There I was, the other night, waiting for sunset, sitting on the front step with a book and a glass of wine, lost in some Keatsian dream of mellow fruitfulness, when I was roused by the sound of chomping. I looked up. Two bullocks, desperate for some fresh greens, had broken through their electric fence and were munching my hedge. I had to stop them straying past the house and down the lane towards the road, where tractors hurtle by and they would be in danger. I was on my own, so I phoned for help. All the neighbours were out, either doing the milking or the harvesting. Eventually Monsieur Patureau, from down the road, raced up, along with his little daughter. We fastened the bullocks back in, and the Patureaus came in for an aperitif. I cut them a bunch of roses to say thank you and waved them off.

Back to the step to watch the sun go down and the moon rise. More chomping. The bullocks had got out again. This time they were down in the potager, happily working their way through the spinach and lettuces. I managed to get hold of Monsieur Dupont. While I waited for him, I guarded the bullocks - but from a distance, not wanting to alarm them and set them galumphing about.

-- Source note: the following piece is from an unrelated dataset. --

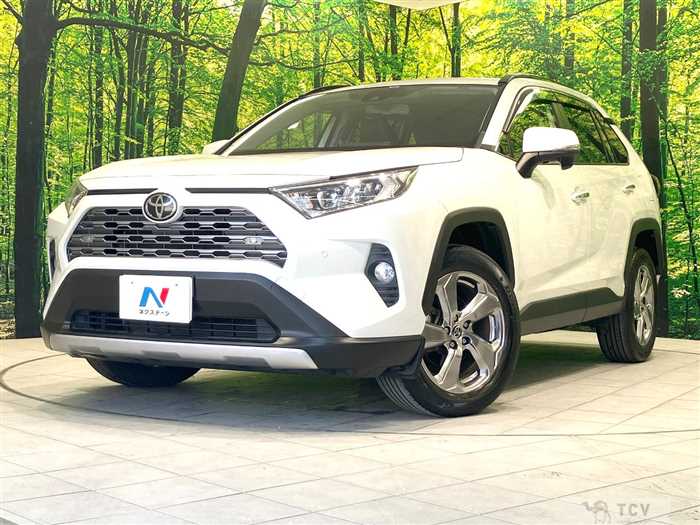2020 Toyota RAV4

Monsieur and Madame Dupont eventually arrived. More herding. The ringleader bullock, the villain of the piece, who is apparently always escaping, was taken further up the lane and put in a pen all on his own until morning. The gate was firmly lashed. We walked around the fields testing the electric fence, by the light of my torch, and then we all sat in my kitchen drinking wine and chatting. Next day, the herd was moved back closer to the farm.

The animals know what to do. When they are hungry, they search for food and eat it. When they are full, they stop. Simple. People with eating disorders should follow their example. But, of course, it isn't that easy. When I was an anxious young woman in my early twenties, coping badly with the stresses of life, work, love and sex, I used to overeat and then diet madly. Food was a tranquilliser, building a safe wall of fat against a chaotic and threatening world. Dieting offered manic fantasies of control.

Many years later, having cheerfully come out as greedy, I trace some of the anguish back to infancy, and the rigid feeding schemes forced on our mothers by cruel childcare experts such as Dr Truby King, who forbade feeding babies on demand. Starving, desperate and panicky, I longed for food, but also feared it because it provoked such need and rage. (Sex brought up similarly violent emotions.) I couldn't believe I'd ever stop starving, ever be fed again. And I didn't grow up in a culture that nurtured and nourished young women, which tolerated our desires to offer our own particular gifts.

I worked out, in the end, that in order to eat normally and healthily, it is crucial to be able to believe in the future. You don't have to overeat now, because you can eat again later, when you are hungry again.

In this sense, you are believing in a future in which you will be loved. Love will return, and feed you, and make you fulfilled and happy. Love is the bullocks, and the spinach, and the pears, and the grapes. Love, like the maize harvest, will come round again.